Sunday before the Nativity
Today’s Gospel reading provides us with the Lord’s human genealogy. The reading is from the Gospel according to Matthew — which provides us with Christ’s legal genealogy, through St Joseph — but the Church also commemorates today all the people mentioned in the genealogy of St Luke’s Gospel (3:23–38) — which provides us with Christ’s biological genealogy, through the Blessed Virgin Mary. Prophetically speaking, the Messiah had to come from a particular lineage; he had to be a descendant of the Prophet and King David, for example. This is why it was absolutely necessary for Matthew and Luke to preface their stories of Christ’s birth with these genealogies.
However, we shouldn’t think that these lists of names have no other purpose than this. Behind every name there is a story, a story with spiritual examples of both virtues and human weaknesses. With each name, the Church is calling us to study and to contemplate these stories and these examples, and to think about how they relate to the birth of Christ in particular, and to our spiritual lives in general.
And so today I wanted to pick just one example from the genealogy, in order to see what spiritual message we could get from it.
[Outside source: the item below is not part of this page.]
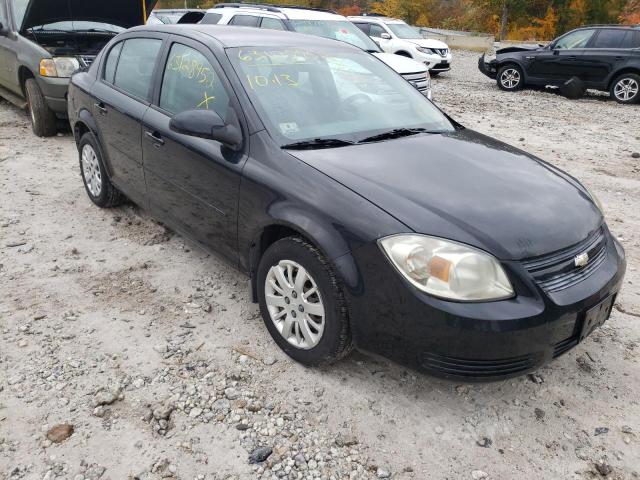 CHEVROLET COBALT 1LT 2010 1g1ad5f53a7142000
In the Synaxarion, which was read earlier during the Matins, we see the following:
(On this day) we commemorate the righteous Shem, the son of Noah.
Having wisely covered the nakedness of his father,
Shem found his father’s prayers to be protection and cover.
We commemorate the righteous Japheth, the son of Noah.
Having hidden from the light of day the shame of his father,
Japheth receiveth length of days by the prayers of his father.
In the Book of Genesis, we read how, after the Flood, “Noah began to be a man of the soil, and he planted a vineyard. He drank of the wine and became drunk and lay uncovered in his tent” (9:20–21). The Fathers of the Church say this was an innocent mistake on Noah’s part, because he was unaware of the strength of the wine. But the point of the story is not what Noah did, but rather how his three sons reacted.
One of his sons, “Ham … saw the nakedness of his father and told his two brothers outside”. However, his righteous brothers “Shem and Japheth took a garment, laid it on both their shoulders, and walked backward and covered the nakedness of their father. Their faces were turned backward, and they did not see their father’s nakedness” (v. 22–23). In return for their deeds, one son, Ham, was cursed, while the two righteous sons were blessed.
Put very simply, this story shows us how the sinful man is the one who tries to expose others, who publishes the mistakes and their weaknesses of the other, who taunts and comments and gossips, and who receives some kind of pleasure in seeing and discussing someone else’s fall from grace.
The righteous man, on the other hand, is the one who covers the weaknesses of others, who protects them from shame and disrepute, and who does this with his ‘face turned backwards’ — he doesn’t even want to know what wrong the other person has done, so as not to to judge or commit condemnation, but only looks at his own faults.
A righteous person, in other words, is the one who acts with love and tries to preserve the dignity of the other. And this, of course, is also something central to the meaning of Christmas. When God saw mankind lying naked (without virtue), drunken (in slavery to the passions), and asleep (in a state of spiritual deadness), he approaches us with love. He descends from heaven in order to cover us with his grace, and takes onto himself our own nature so as to restore us to our initial beauty and dignity. Amen.